The Challenge of Poetry in Challenging Times

The Challenge of Poetry in Challenging Times 2016-11-23T07:40:05-07:00

After reading bleak reports this morning of water protectors blasted by water cannons in freezing temperatures and white supremacists lifting Nazi salutes and yet more human dangers to sea turtles, I thought of these lines from W.H. Auden’s stirring poem, “In Memory of W.B. Yeats”:

. . .

Follow, poet, follow right

To the bottom of the night,

With your unconstraining voice

Still persuade us to rejoice

The great poets, he suggests, venture into the darkness and speak into it, not with rants or tirades, but with truths that take us to a deeper and wider place than despair. Auden’s poem commemorates one of them whose “Second Coming,” written in 1913, spoke a prophetic word that echoed down the dark corridors of the 20th century with its “blood-dimmed tides” that drowned “the ceremony of innocence.”

Rejoice is a word with strong biblical echoes: “You shall rejoice before the Lord your God”; “Rejoice greatly, O daughters of Jerusalem”; “Let those who seek the Lord rejoice”; “Let your saints rejoice in your goodness”; “my heart shall rejoice in your salvation”; “my spirit rejoices in God, my Savior.” But rejoicing doesn’t come easily or even naturally in time of loss, dread, or fear, which is where many now find themselves as winter descends and the homeless are cold and unnerving implications of the recent election continue to unfold. We must sometimes be persuaded to, as Wendell Berry put it, “be joyful, though you have considered all the facts.”
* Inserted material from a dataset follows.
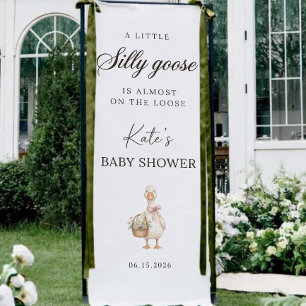 Silly Goose Baby Shower Banner, Personalized Goose Banner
All the facts are hard to take in right now, especially with increasing attention to how much “fake news” contaminates the airwaves and the internet. And once we have sifted them, with the help of trustworthy journalists and thoughtful analysts and a little help from our friends, lament may seem more appropriate to the moment. Lament is important. The glib who too hastily urge joy upon the sorrowing do more harm than good.

But in this same tribute to Yeats, Auden urges in the midst of mourning, “Let the healing fountain start.” And Eliot ends his Four Quartets with an echo of Julian of Norwich’s puzzling promise, “All shall be well, and all manner of thing shall be well.” And Maya Angelou, in the inauguration poem that also spoke of perpetual bloodshed wrote, “Lift up your faces, you have a piercing need / For this bright morning dawning for you.” None of these poets recoiled from darkness; in fact they articulated foreboding  memorably and forcibly. But they also understood that the poet’s work is to equip us to dwell in paradox—some of it bewildering and painful—and to embrace the lives we are given, not with abject submission, but with the wisdom that seeks blessing in unlikely places.

It takes courage to invite us into the unsettling places of political awareness and to hold up a mirror to our own hard hearts—our own self-serving judgments, the fears behind our anger. And it takes courage to accept the invitation, to take stock of the world around and the world within, read the morning news, acknowledge that the way through the thicket is laced with thorns, and still allow ourselves to be persuaded, against all odds, to rejoice.

There is joy for today in the birth of a friend’s child, in a choir concert, in a refugee’s success story, in volunteers gathering to distribute food, in lectionary readings and centering prayer that guides us into the “white light, still and moving.” And in poems that linger in the mind and on the tongue, scenting the air with hope, even in the worst of times.